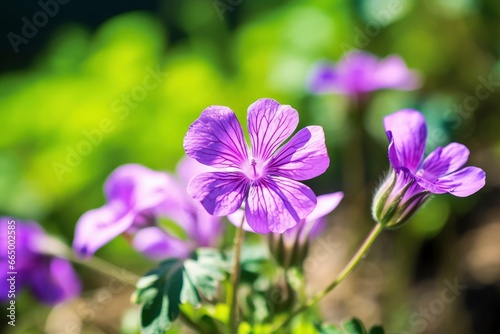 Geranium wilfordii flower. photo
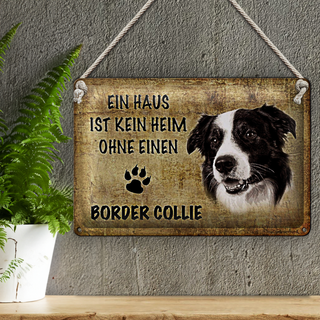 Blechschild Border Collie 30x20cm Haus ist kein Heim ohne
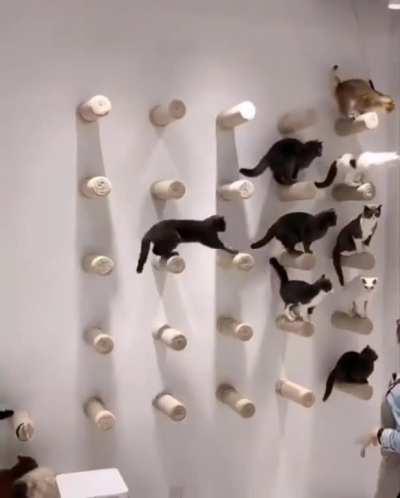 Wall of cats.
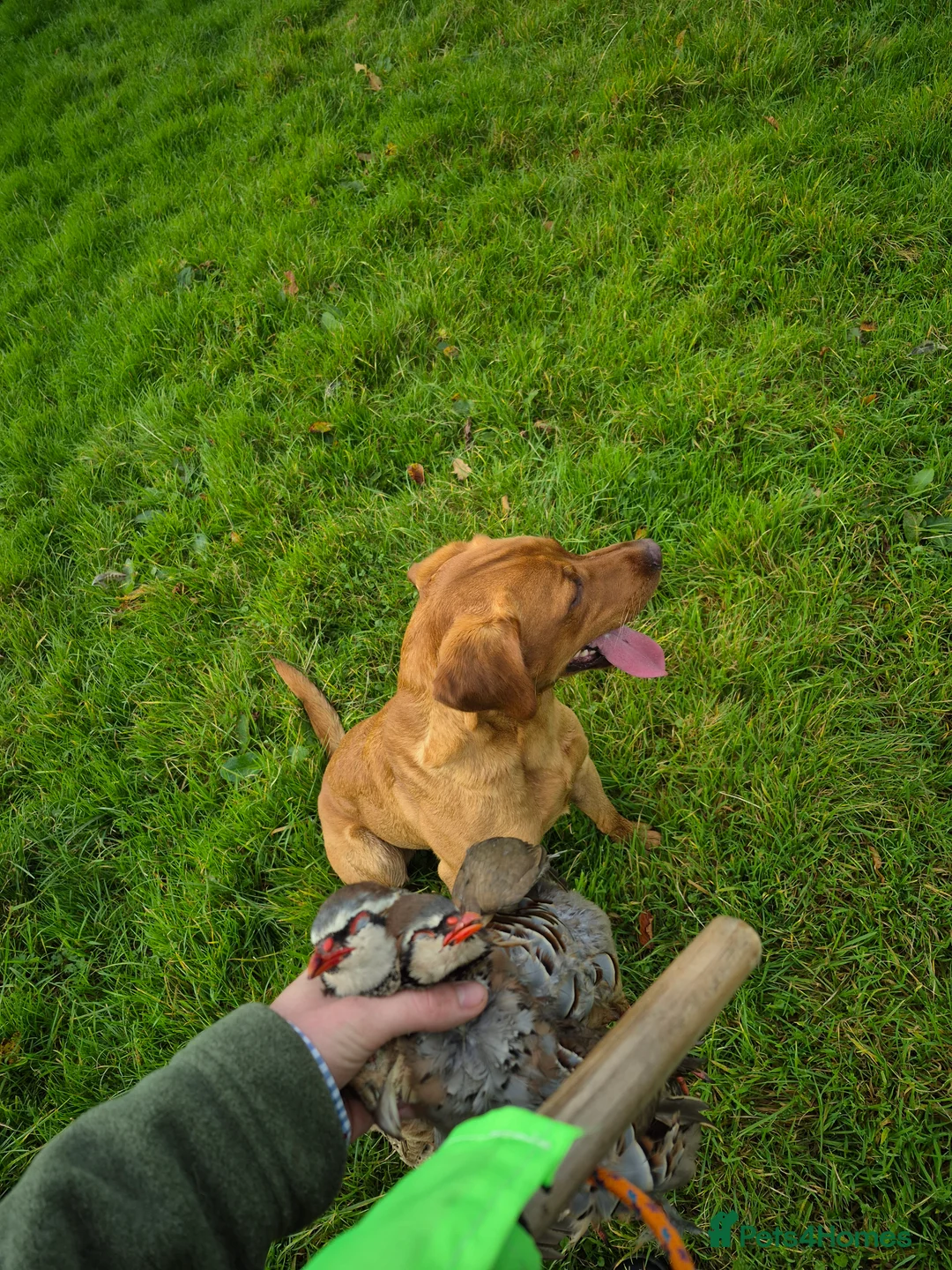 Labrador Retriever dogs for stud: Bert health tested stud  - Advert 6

======

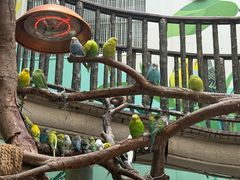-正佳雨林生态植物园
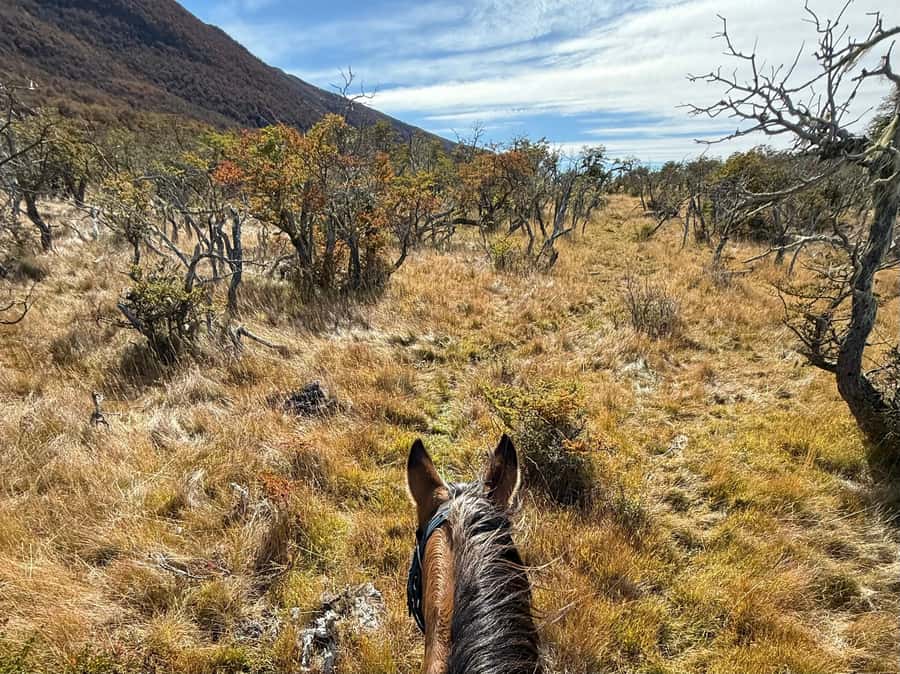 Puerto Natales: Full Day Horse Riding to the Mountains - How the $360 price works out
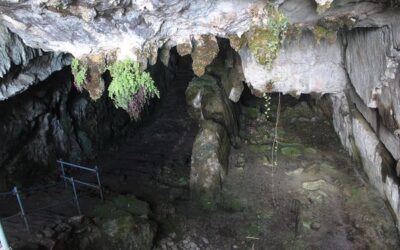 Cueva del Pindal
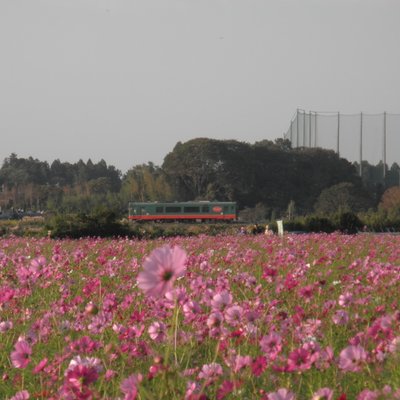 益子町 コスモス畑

======

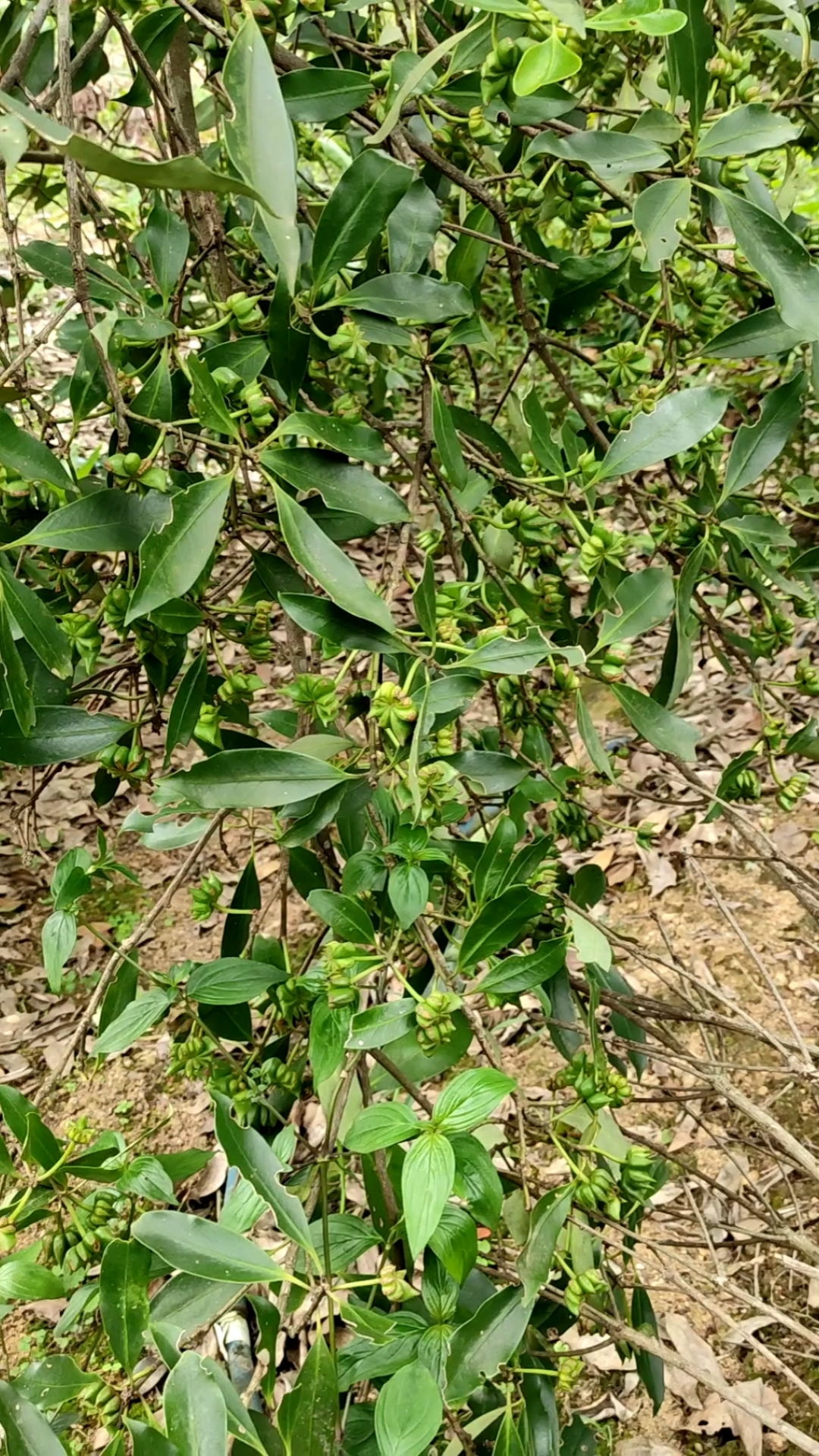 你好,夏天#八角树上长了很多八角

======

Return only the part above that opens with the line containing "Wall of cats." and closes with the line containing "Labrador Retriever dogs", exactly and with both ends, skipping the pictures.

> Expected output
 Wall of cats.
 Labrador Retriever dogs for stud: Bert health tested stud  - Advert 6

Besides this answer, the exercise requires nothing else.